Not: Beğeniler ve yorumlar... :(
...
Altair yeni odasında yeni bir güne tekrardan uyanmıştı. Cennet ve Cehennem gözünün değişiminden beri iki gün geçmişti. Artık neler olduğunun farkına varmış, güçlenmesi gerektiğini anlamıştı. Ancak çok büyük bir sorun vardı!
Nereden başlayacağını bilmiyordu!
Hayatında hiç büyü dahi görmemişti. Savaşçılığa dair gördüğü tek şey; Alfred'in onu öldürmeye çalıştığı andı. Ancak Hill onu durdurması sayesinde ölmemişti.
'Acaba büyü veya savaşçı okulu diye bir şey var mı?' kenarda kovada olan soğuk suyla yüzünü yıkadı ve üzerine temiz kıyafetler geçirdi. 'Olması lazım. Büyücü olanlar sadece soylular ve güçlü insanların çocukları değil. Halktan olan büyücülerde var... Ama daha güçsüz oluyorlar.' kılıcını ve torbasını beline astı.
Tahta kapıyı açtı ve dışarı çıktı. Şuan ki odasının numarası 137 idi. Aynı katta ama farklı bölgedeydi. Bin altın karşılığında almıştı ama pişman değildi. Büyücü veya savaşçı olmadığından dışarıda durursa ölürdü.
Büyücüler ve savaşçıların vücudu soğuğa ve sıcağa daha bağışıklı oluyordu. Nadir olarak hastalanıyor, güçlü olanlar onlarca gün aç kalabiliyordu.
Tabi bu sadece güçlü olanlar için geçerliydi.

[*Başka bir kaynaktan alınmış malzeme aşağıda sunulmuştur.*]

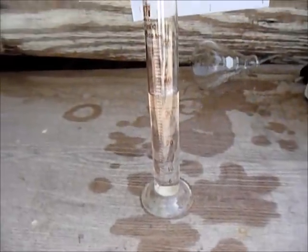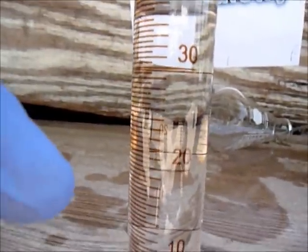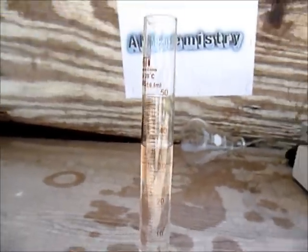This is the finished product. In volume, it went to about 35 or 38 milliliters — yeah, around there.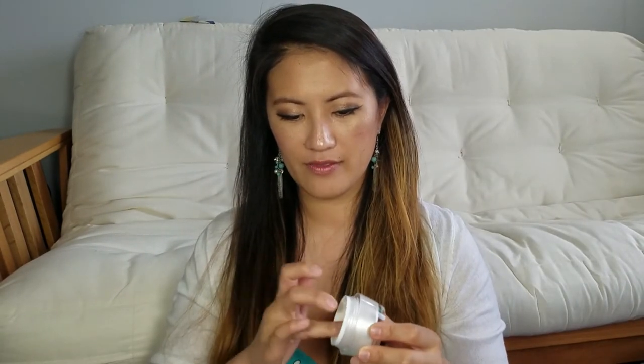Let me show you how I use it. So basically, with clean hands — and it did say you can use it on top of nail polish, so that's a good thing — but personally I feel like it works best when you don't have any polish on your hands. So what I do is I just take some product on my finger and massage it all over each of my nail beds. You really don't need that much. I do it every morning when I wake up and right before I go to sleep. Within like a week or two, you will see results.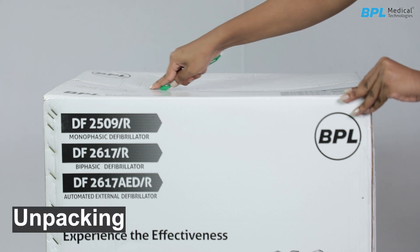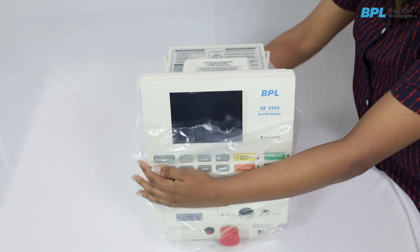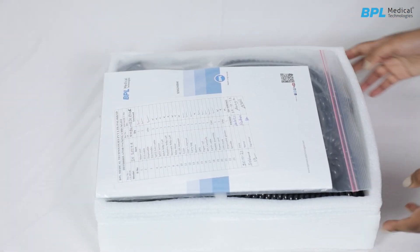Unpacking. Keep the carton upright. Remove the tape and open the flaps for the accessories carton. Lift the unit using the handle. Remove the polythene cover. Check for damage and notify BPL if evident. Take out the paddle set and accessory case from the packing cushions.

Altair güverteye çıktı ve etrafa bakındı. Meleklere bok yedirecek kadar güzel olan hanımefendiyi o günden sonra görmemişti. Bu onu biraz üzmüştü. Ancak sadece biraz üzülmüştü. Çünkü onun taşaklı bir aileden geldiğini hissediyordu. Bu kadar güzel biri halktan olsaydı, o bölgenin lordu cariye olarak alırdı. Hâlâ dışarıda böyle rahatça gezebiliyorsa, güçlü ya da nüfuzlu olmalıydı.
Bu yüzden Altair onu kovalamaktan vazgeçmişti.
Şimdilik...
"Maskeli bey!"
Altair arkasını döndüğünde gözleri mutlulukla doldu. Meleklere bok yedirecek kadar güzel olan hanımefendi ona doğru geliyordu. Hemen tüm sorunlarını kafasından attı. Ancak... aklına bir şey geldi ve yüzüne dokundu.
'Yok!'
"Evet. Buyrun! Meleklere bok yedirecek kadar güzel olan hanımefendi."
Meleklere bok yedirecek kadar güzel olan hanımefendi Altair'ın söylediklerini duyunca bir anlığına durakladı. Altair'a doğru ilerlemesi gerekirken tereddütlü bir şekilde duraklamıştı.
Altair denizi kaynatacak kadar sıcak bir gülümseme ortaya çıkardı. "Aman aman. Kabalığımı mazur görün. İlk defa bu kadar güzel bir genç hanım görüyorum. Restoranta iken loş ışık güzelliğinizi örtmeye çalışıyordu. Bu yüzden pek dikkat edememiştim." şuan ki fiziki yaşının sekiz olduğunu unutmuştu. Bacak kadar boyuyla kendisinden iki baş uzun bir kıza övgüler yağdırıyordu.
Meleklere bok yedirecek kadar güzel olan hanımefendi kesesinden beyaz bir maske çıkarıp Altair'a doğru fırlattı ve oradan hızlıca uzaklaştı.
Üzerine gelen maskenin kendisine ait olduğunu fark eden Altair onu yakaladı. Ve uzaklaşan Meleklere bok yedirecek kadar güzel olan hanımefendiyi izledi.
"Utanmış olmalı."
Önceden kızın arkasında ki aileden korkuyorken artık onları unutmuştu. Ama bu unutkanlık çok kısa sürmüştü. Mor gözleri garip bir şekilde döndü ve tüm ruhunu soğuk bir his sardı. Yüz ifadesi normalleşirken maskesini suratına geri taktı.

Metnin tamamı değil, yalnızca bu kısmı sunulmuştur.